If we can learn to let go of all pretensions and illusions and see ourselves as we really are, and others as they really are; if we can let go of our projections onto others, making of them heroes and heroines or villains; if we can let go of prejudice and greed, even of our own achievements and possessions – then our essential nature will emerge and with it a greater lightness and sense of humour!
As Robert Frost once said, ‘you have to grow by shedding’. This is why we need to have periods of spring cleaning ourselves – what Frost called ‘time out for re-assembly’.
I am also convinced that from time to time we need to make bigger changes, to clear the clutter in our inner attics so that there is space for something new to take its place. A garden has to be weeded constantly if the most precious plants are to flourish.
In The Quest of the Holy Grail the story is told of how King Arthur and his knights were seated at the Round Table when, to their amazement, the Holy Grail appeared, covered by a cloth and carried by angels.
When the vision of the Chalice withdrew King Arthur’s nephew, Sir Gawain, stood up and said, ‘I propose that we should all vow to go in pursuit of the Grail to behold it unveiled.’
We then read how the knights felt it would be cowardly to go as a group, so ‘each entered the forest that he had chosen where there was no path and where it was darkest’.
And so it is for us. Though often in life there appears to be no path and the way seems very dark, that is the way one must go. Each of us has to set out on his or her journey alone – comforted perhaps by the knowledge that on the way we may encounter others travelling in the same direction.
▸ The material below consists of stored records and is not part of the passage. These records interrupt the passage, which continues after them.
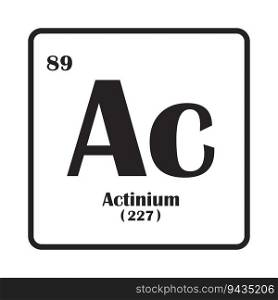 Element Actinium icon vector illustration symbol design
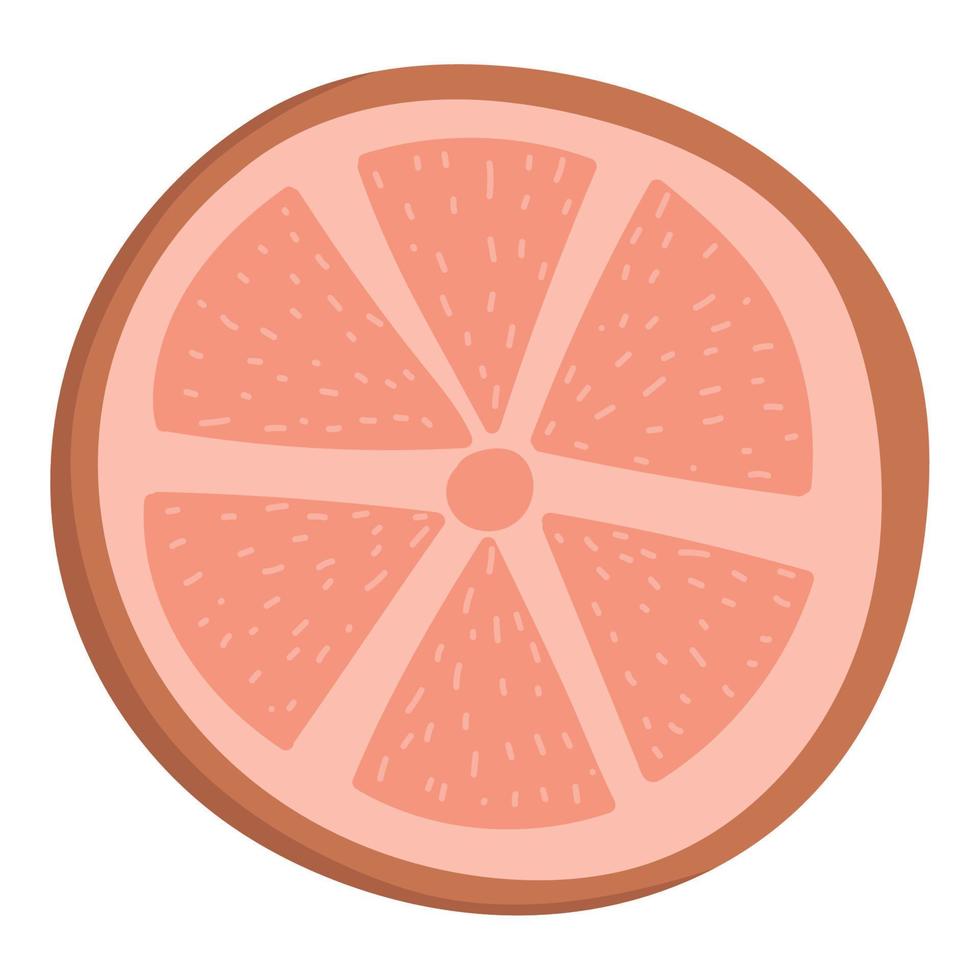 slice orange icon vector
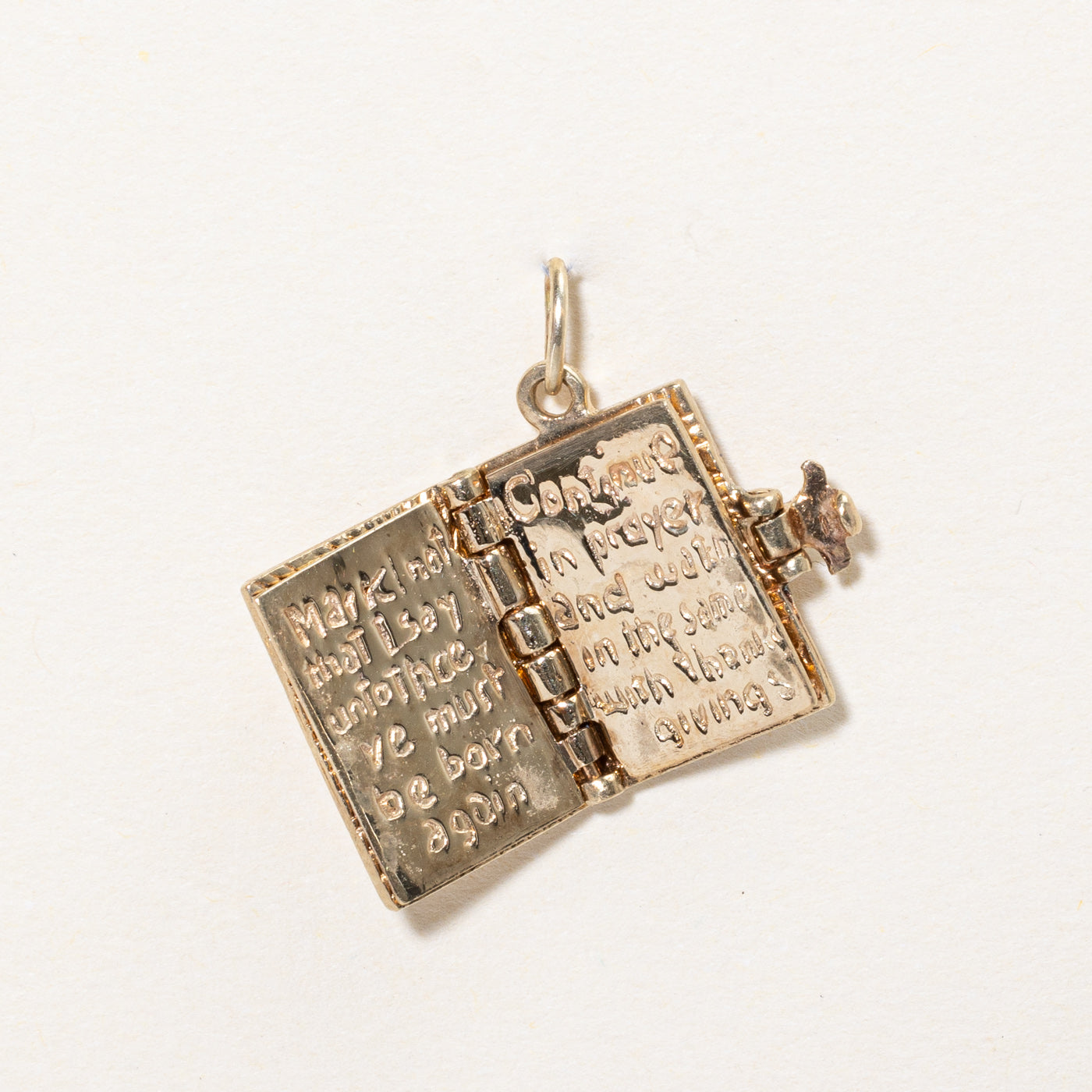 10k Yellow Gold Holy Bible Charm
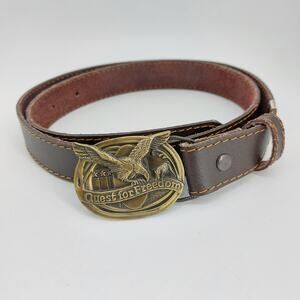 Brown Leather Belt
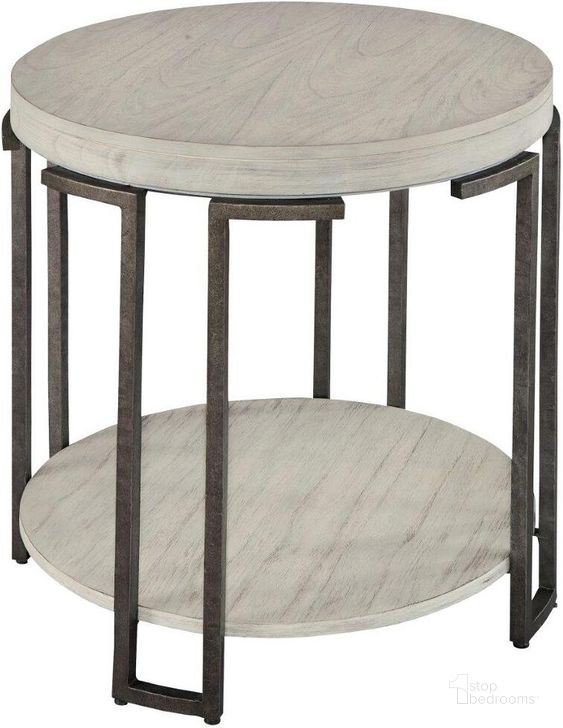 The appearance of Hekman Sierra Heights Round End Table designed by Hekman in the transitional interior design. This gray piece of furniture  was selected by 1StopBedrooms from Sierra Heights Collection to add a touch of cosiness and style into your home. Sku: 24104. Material: Wood. Product Type: End Table.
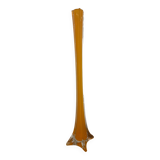 Large orange soliflore vase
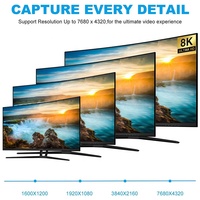 Câble DP à DP Kabel mâle à mâle Port d'affichage DP 1.4 8K 60Hz 4K 144Hz Câble audio vidéo Kablo 0.5M 1M 1.5M 2M 3M 5M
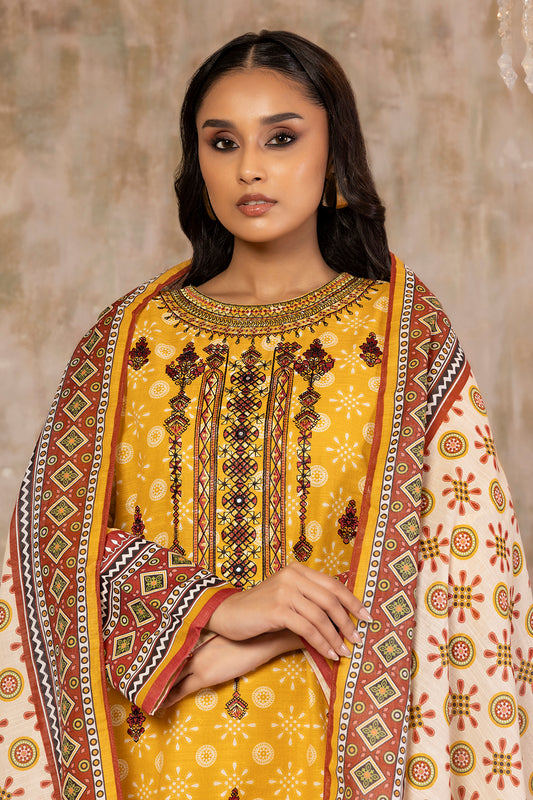 Embroidered Kurta Dupatta Trouser - 3041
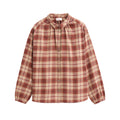 People Wear Organic Flanell-Bluse, terrakotta kariert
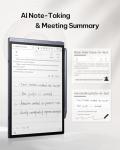 iFLYTEK AINOTE Air 2 Bundle - Black Folio Case, 8.2-inch AI Note-Taking Tablet Writing Paper Tablets, Digital Notebook with Pen, Voice-to-Text Transcription, Multi-Languages Chatgpt Support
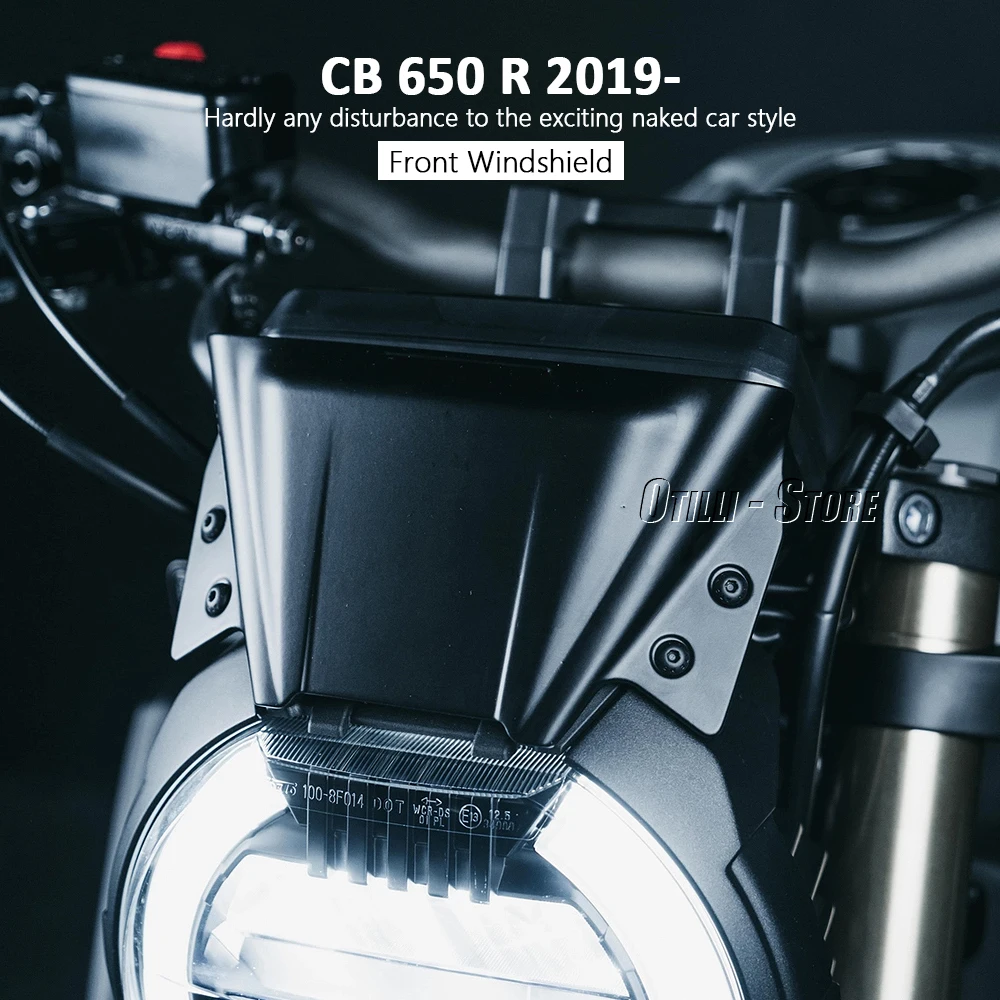 For HONDA CB650R CB 650 R CB 650R 2019-2023 New Motorcycle Accessories Windshield Windscreen Screen Protector Black Kit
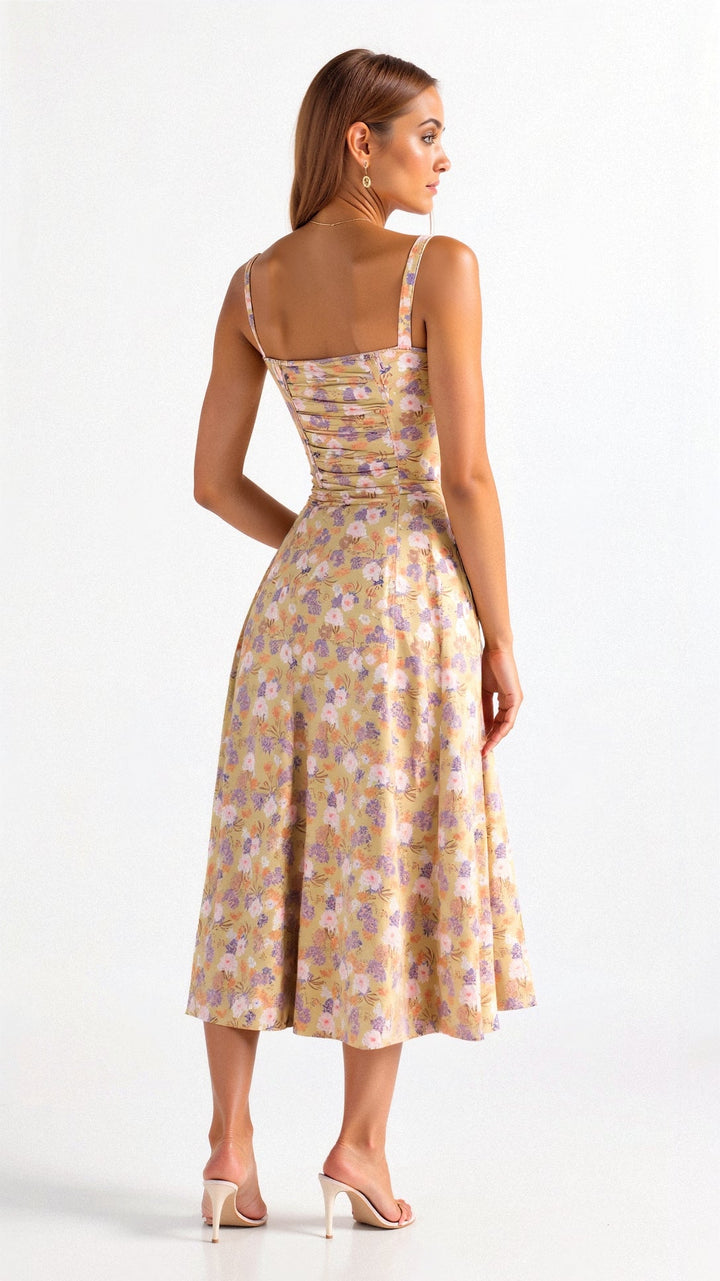 Charlotte | Women’s Summer Floral Midi Dress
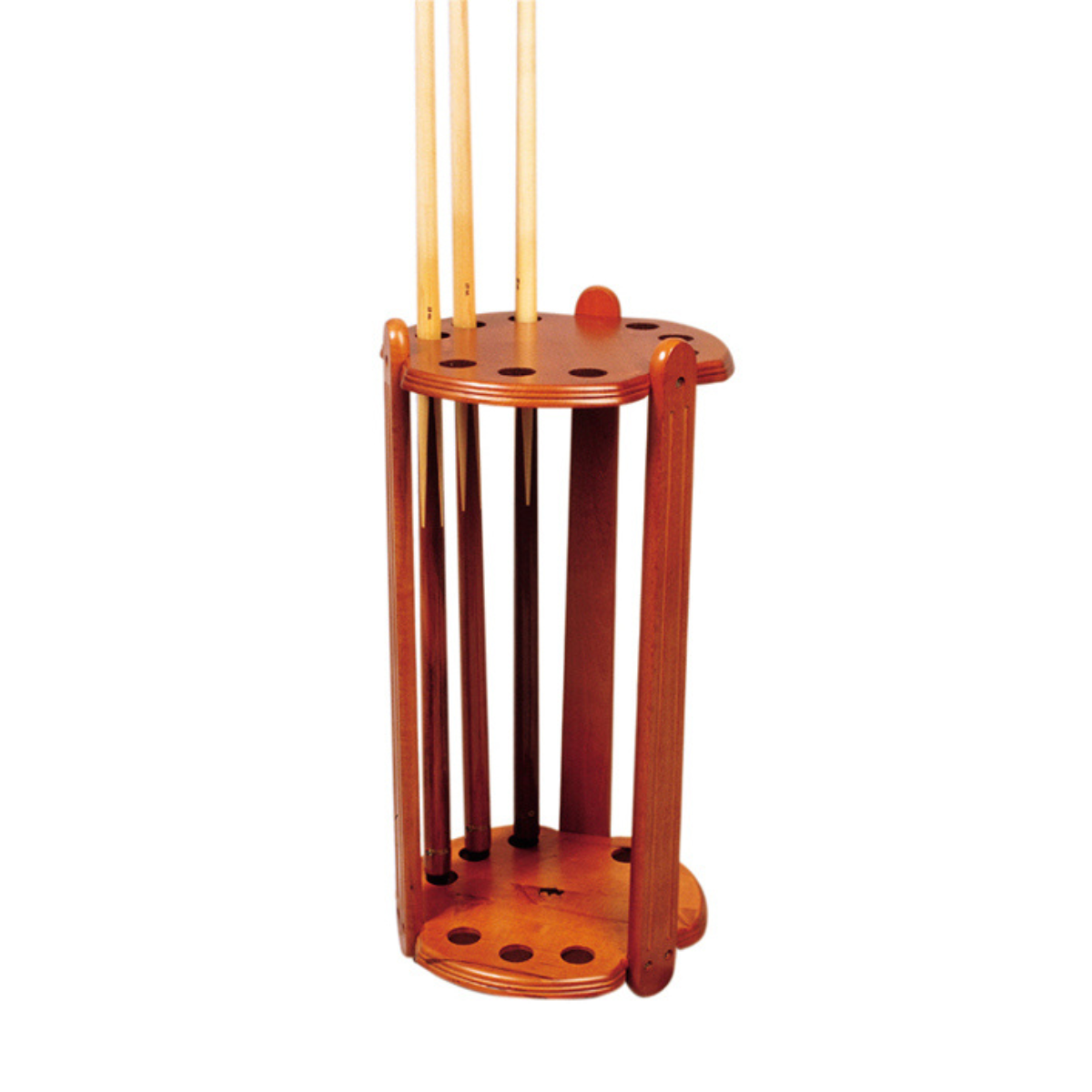 The Stand Around Pool & Snooker Cue Stand Maple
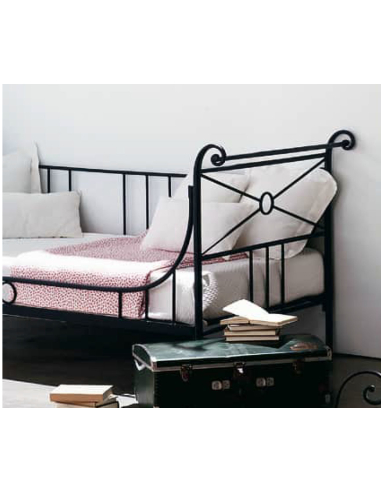 Diván de forja Atenas con respaldo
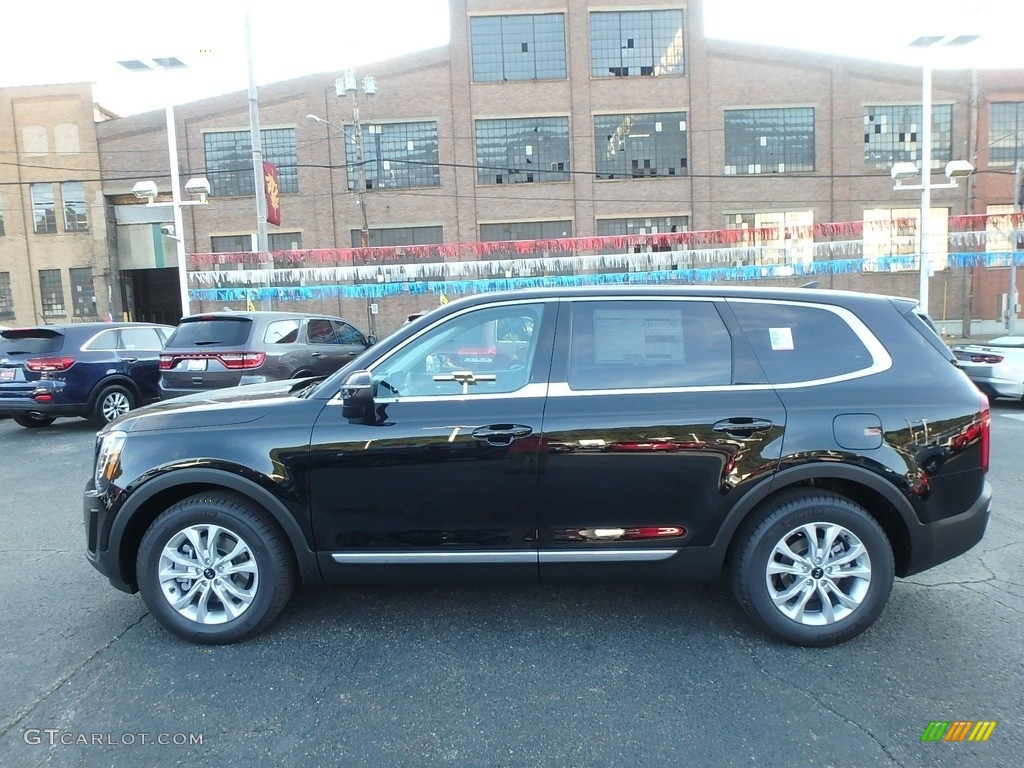 Ebony Black 2020 Kia Telluride LX AWD Exterior Photo #135242820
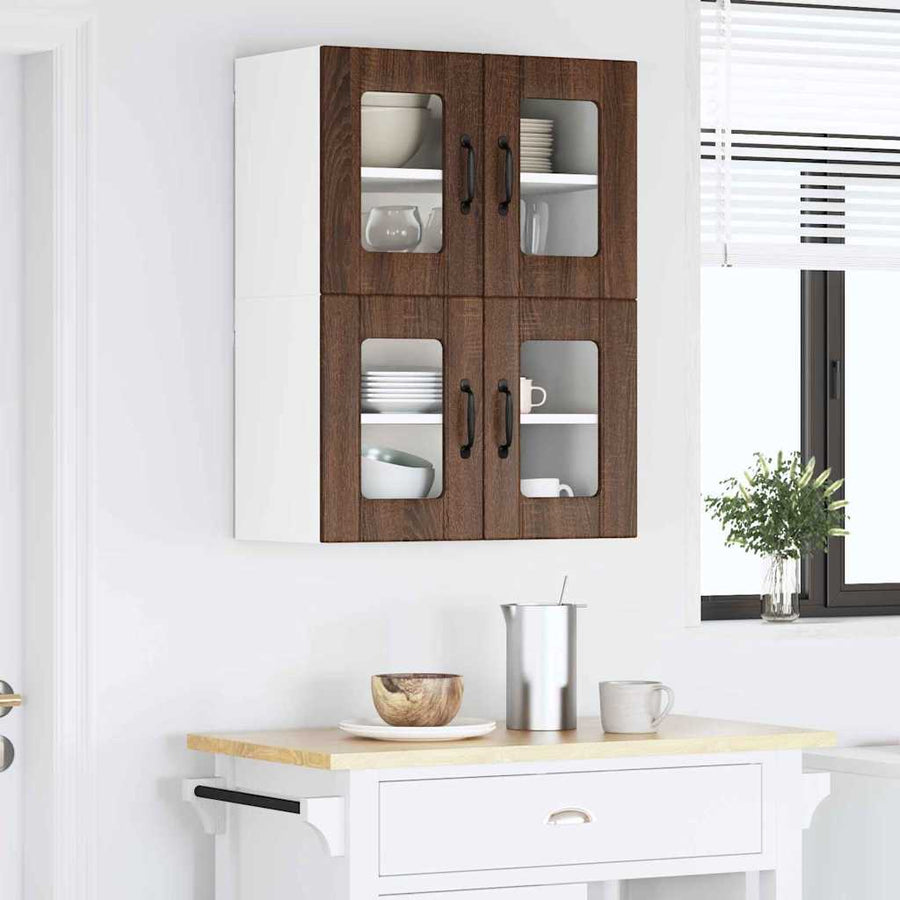 Keukenkast aan de muur Bruin Eiken 60 x 31 x 40 cm Bewerkt hout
I have been reflecting much on this because of a recent visit to Salisbury where I directed a production of 84 Charing Cross Road and stayed in a cottage owned by the former stage designer of the Salisbury Theatre. He told me how he had been a designer for some years when one day, seated on a hill, he thought, ‘Do I want to go on churning out a new set every three weeks for the rest of my life?’ and then into his head came the word ‘Soil’. At that moment he resigned from his post at the theatre and became a jobbing gardener, cycling to work and tending some twenty or more gardens, earning a modest amount each week. He is one of the most contented and happy people I have ever met, simply because, to use the famous phrase of Joseph Campbell, he has been able to ‘follow his bliss’.
At the end of one’s life it is not a question of how successful or wealthy I may have become, but did I become the person I was meant to be? So many young people are pressured by parents to play safe, to become a lawyer, an accountant, a dentist, when all that they really want to be, and know they should be, is, perhaps, a jobbing gardener!
One Christmas a friend of mine was given a cyclamen in a pot. Eventually it stopped flowering and she was going to throw it away. ‘It’s only dreary leaves,’ she said, ‘cluttering up the place.’
‘You should water it,’ I replied. ‘Don’t throw it out’.
Weeks passed and when I next looked in on her it was a cluster of fresh green leaves. Months passed and she said, ‘I’ve been watering every day as you said but it still doesn’t flower, and the summer’s almost over’.
‘Wait!’ I answered. ‘It will flower in the winter.’
And then for nearly two months she saw it flowering, day by day, week after week. Flowers are a great teacher.
Too often we despair about ourselves or our relationships and want to chuck everything, throw it out, buy a fresh plant or start a new affair. Yet if only we will persevere and work at the situation or relationship, it will flower again. All living things need a time to lie fallow, a time when nothing much appears to be happening.
There are some lines from a poem by George Herbert that have helped me much in the past:
Who would have thought my shrivell’d heart
Could have recovered greenness? It was gone
Quite underground, as flowers depart
To feed their mother-root when they have blown:
Where they together
All the hard weather
Dead to the world, keep house unknown.